*Supplied data:*

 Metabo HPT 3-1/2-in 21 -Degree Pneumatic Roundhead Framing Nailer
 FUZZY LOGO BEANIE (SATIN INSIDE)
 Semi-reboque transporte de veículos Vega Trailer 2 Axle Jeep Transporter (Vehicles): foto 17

*Your goal:* Each line of the data is to be output exactly, with none skipped.

*Answer for the task:*
 Metabo HPT 3-1/2-in 21 -Degree Pneumatic Roundhead Framing Nailer
 FUZZY LOGO BEANIE (SATIN INSIDE)
 Semi-reboque transporte de veículos Vega Trailer 2 Axle Jeep Transporter (Vehicles): foto 17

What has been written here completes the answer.